The question of how brands continue to remain relevant is one that is central among companies looking to make space for themselves among an ever-shifting consumer base. As companies look to engage the New General Market consumer, Seventh Generation CEO John Replogle said there is one key element uniting companies that are able to endure: Soul.
Replogle shared this insight with attendees at the Drug Store News and Mack Elevation New General Market Summit in April. Replogle also discussed what it means for a brand to have soul, and how the brands that do are able to build loyalty among consumers.
“Soul gets to what the brand is all about. It’s about that purpose — it’s the mission, it’s the heart and fundamentally it’s why you exist,” Replogle said. “The consumer gives you a right to continue to exist.”
A brand with soul is able to marry its mission and its purpose, and appeal to consumers in the process, he said. A 2014 survey from the Futures Company found that 68% of consumers said they’re more likely to buy brands that push for change on issues they care about, and a 2017 Edelman Trust Barometer survey found that 75% of consumers believe brands can take actions to both increase profits and improve the economic and social conditions of the communities in which they operate.

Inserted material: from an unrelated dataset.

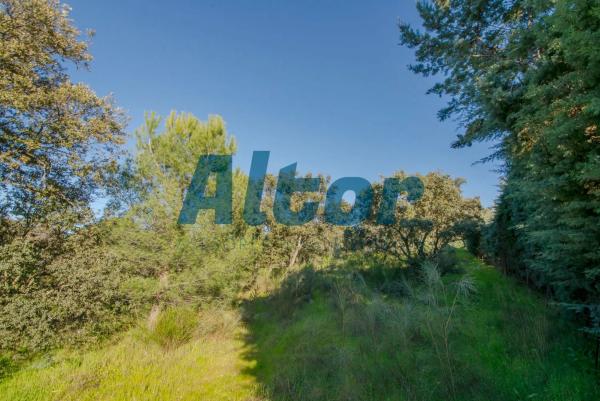 Terreno en calle Sierra Trapera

“Fundamentally, identity matters,” Replogle said. “You must be ethically and consumer-oriented, deliver safety and security for consumers, and help them optimize and drive wellness and wellbeing. If your brand captures these core elements, your brand has soul.” Among the brands Replogle highlighted that have found their purposes was Dove, which, like Seventh Generation, is a Unilever company.
Prior to Seventh Generation, Replogle was part of the brand team that helped Dove find its soul and began taking active steps to help improve self-esteem among women with its Real Beauty campaign, he explained. “With the Campaign for Real Beauty, Dove found its soul, and I think as a result Dove will be an enduring brand,” he said. In fact, Dove just overtook Knorr as the largest brand in Unilever’s global portfolio.
Companies that begin with a mission have even more potential to endure. Replogle noted that Seventh Generation’s ethos is built on the Great Law of Peace, which was the guiding principle of the Iroquois Confederacy, and is said to encourage all decisions be made through the lens of how they will impact the next seven generations to come.
Inspired by that creed, Seventh Generation works to communicate their mission to its customers through its products and its sustainability efforts. From being ahead of the curve in listing the ingredients on its products to thinking of itself as a benefit corporation that can use business to solve social and environmental problems, Seventh Generation is communicating its brand identity to its customers who are more loyal as a result.
Given Replogle’s history of building two purpose-driven brands over the last decade, including Burt’s Bee’s, he has shown that consumers will reach for products with a purpose, that it is possible to charge a premium in the marketplace, and that this business model is one of accelerated growth. In conclusion, Replogle said. “Ultimately, build that brand with soul, align with consumer interests, lead the way and they will come to you and allow you to be part of their lives and pay for that privilege,” he said.